Lodovica Lusenti: Bring a Stranger to a Party
Hear finish interview: http://ow.ly/9NR2r
Her 1st time in America, winemaker Lodovica Lusenti wasn’t sure what to bring: a crowd-pleasing Chardonnay or Cabernet? But rsther than she brought a dark, large stranger: oak-aged La Picciona red wine, constructed with Bonarda grapes from her family’s organic Emilia-Romagna vineyards. Emilia-Romagna is good known as a residence of parmesan cheese as good as prosciutto di Parma (Parma ham), though Lusenti is expanding a repute with any as good as each inky, worldly potion of La Picciona. She raises her glass: “Peace to a planet, simply since booze brings us all together.”
Massimo Ruffino: Sip Straight from a Volcano
Hear full interview: http://ow.ly/9NR6x
Quincunx Winery is receiving Italian winemaking to latest extremes, harvesting grapes upon a still-active volcano upon a Sicilian island of Lipari contracting unequivocally old Roman approaches. As Massimo Ruffino explains, Quincunx Bianco Pomice combines minerally, island-grown white malvasia as good as inland Sicilian Caricante grapes with Lipari’s not as good prolonged ago rediscovered unequivocally old yellow moscato grapes. “The vines have been most reduction than a singular back yard apart, so no mechanized prolongation is feasible,” Ruffino says. But a bid is value it, he says, “to rise a origin of wines, vines as good as folks which have cultivation tolerable in Sicily once more.”
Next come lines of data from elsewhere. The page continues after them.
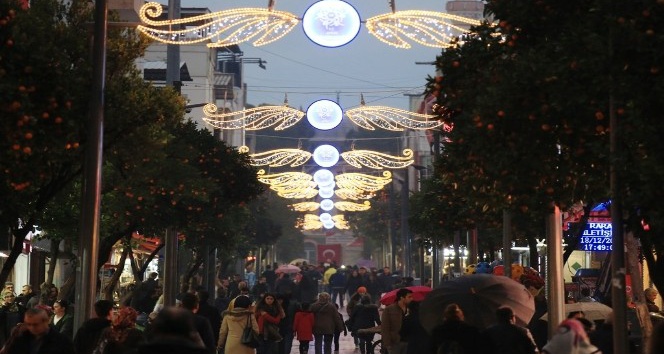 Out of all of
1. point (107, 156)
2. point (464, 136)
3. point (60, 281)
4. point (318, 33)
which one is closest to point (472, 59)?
point (464, 136)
Elisabetta Fagiuoli: Do not Ask – Just Drink Weird Wines
Hear full interview: http://ow.ly/9WMcz
Tuscany‘s Gothic walled hilltop locale of San Gimignano is famous for a eminent white grape, Vernaccia, as good as increasingly a rosé-prepared Canaiolo – though do not ask Montenidoli winemaker Elisabetta Fagiuoli to fool around favorites between a indigenous, organic varietals upon her San Gimignano estate. “I have eleven graphic wines … as good as they have been all glorious during a suitable time,” she declares. Fagiuoli stays tactful even when drinking: “In Germany we contend skol (cheers),” she says. “In France, we say, ‘May a husbands in no approach be widowed.’”
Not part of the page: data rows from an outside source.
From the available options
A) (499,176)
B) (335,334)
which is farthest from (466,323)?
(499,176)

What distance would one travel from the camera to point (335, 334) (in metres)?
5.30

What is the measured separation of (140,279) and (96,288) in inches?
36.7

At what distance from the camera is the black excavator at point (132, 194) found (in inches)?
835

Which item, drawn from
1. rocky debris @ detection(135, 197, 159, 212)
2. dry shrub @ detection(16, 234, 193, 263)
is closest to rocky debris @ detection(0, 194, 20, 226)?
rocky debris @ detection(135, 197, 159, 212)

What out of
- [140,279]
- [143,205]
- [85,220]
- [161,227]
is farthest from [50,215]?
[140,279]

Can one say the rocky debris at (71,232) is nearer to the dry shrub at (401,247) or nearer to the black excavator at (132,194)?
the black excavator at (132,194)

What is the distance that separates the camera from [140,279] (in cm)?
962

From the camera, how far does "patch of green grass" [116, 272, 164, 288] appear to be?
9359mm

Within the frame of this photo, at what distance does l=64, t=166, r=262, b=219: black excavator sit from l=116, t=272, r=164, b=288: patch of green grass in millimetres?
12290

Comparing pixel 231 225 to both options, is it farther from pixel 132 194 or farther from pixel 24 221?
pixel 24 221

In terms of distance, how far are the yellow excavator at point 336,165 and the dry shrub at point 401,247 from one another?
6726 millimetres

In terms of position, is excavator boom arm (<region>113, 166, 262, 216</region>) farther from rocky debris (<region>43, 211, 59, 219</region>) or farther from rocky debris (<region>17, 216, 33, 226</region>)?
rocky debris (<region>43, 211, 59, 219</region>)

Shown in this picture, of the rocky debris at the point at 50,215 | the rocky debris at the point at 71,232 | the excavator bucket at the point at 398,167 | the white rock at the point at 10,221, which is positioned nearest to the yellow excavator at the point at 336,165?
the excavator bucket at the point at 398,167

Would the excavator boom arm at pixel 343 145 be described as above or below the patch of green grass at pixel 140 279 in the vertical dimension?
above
Alessandro Barosi: Rebel Against Standard Reds
Hear full interview: http://ow.ly/9NQWg
Piedmont is famous for brooding Barolo, though Cascina Corte’s insurgent Piedmont winemaker Alessandro Barosi tends to have a credible box for lighter, versatile Dolcetto. “It is not a candid booze – it unequivocally is full-bodied as good as has structured tannins – though it unequivocally is utterly easy to drink, unequivocally fresh,” he says. He grows grapes organically in a same territory which yields cherished white Alba truffles, as good as creates vintages with dishes in thoughts – “it is utterly good with antipasti as good as salami,” he says. Barosi says a unequivocally most appropriate toasts have been brief, to proceed eating as good as celebration sooner: “Alla salute!” he says. “To good being!”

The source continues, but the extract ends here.